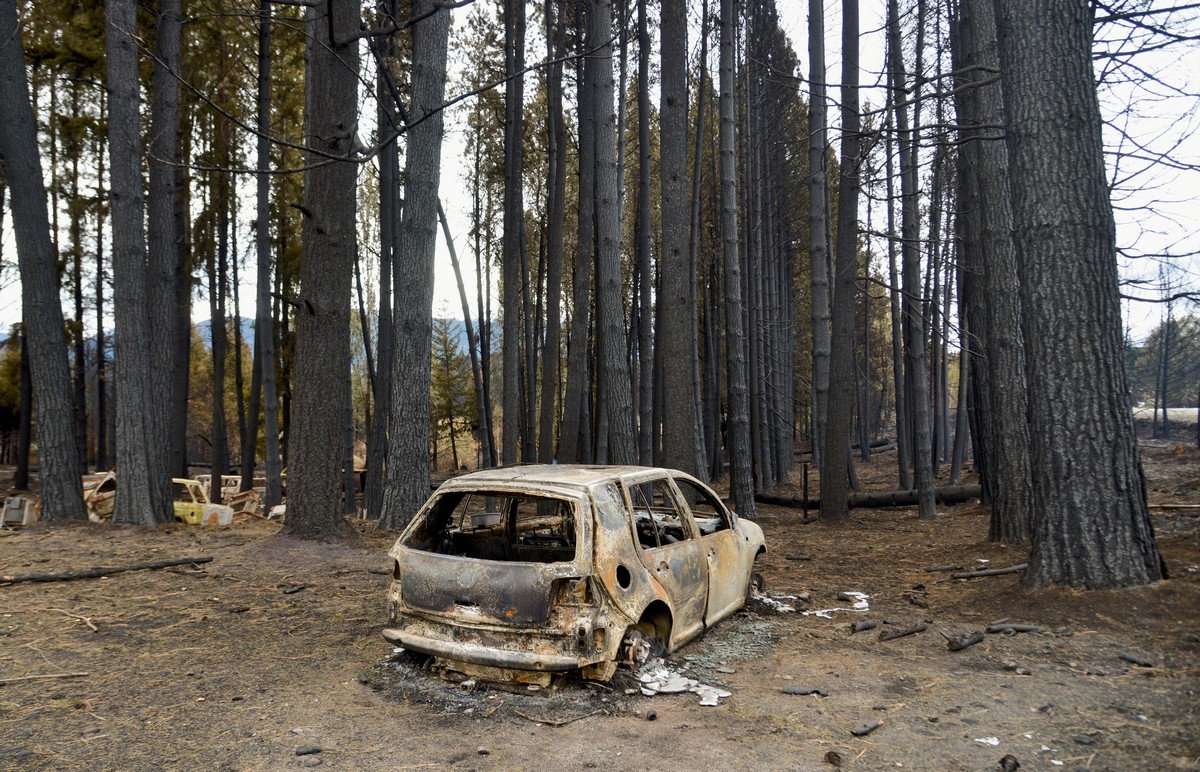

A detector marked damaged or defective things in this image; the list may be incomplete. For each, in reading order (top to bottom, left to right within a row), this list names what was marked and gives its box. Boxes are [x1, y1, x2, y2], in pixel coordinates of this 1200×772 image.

rusted car panel [379, 465, 763, 681]
burned car [379, 465, 763, 686]
burnt vehicle wreck in background [379, 465, 763, 686]
charred car body [384, 468, 768, 686]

──────────

## What is expected
Write the listing out a second time exactly, dropping all images.

## Output
A detector marked damaged or defective things in this image; the list may be incomplete. For each, in reading order (top to bottom, left to right within a row), this list names what was marked and gives its box. Boxes are [x1, y1, x2, y2], in pixel coordinates of this 1200×772 image.

rusted car panel [379, 465, 763, 681]
burned car [379, 465, 763, 686]
burnt vehicle wreck in background [379, 465, 763, 686]
charred car body [384, 468, 768, 686]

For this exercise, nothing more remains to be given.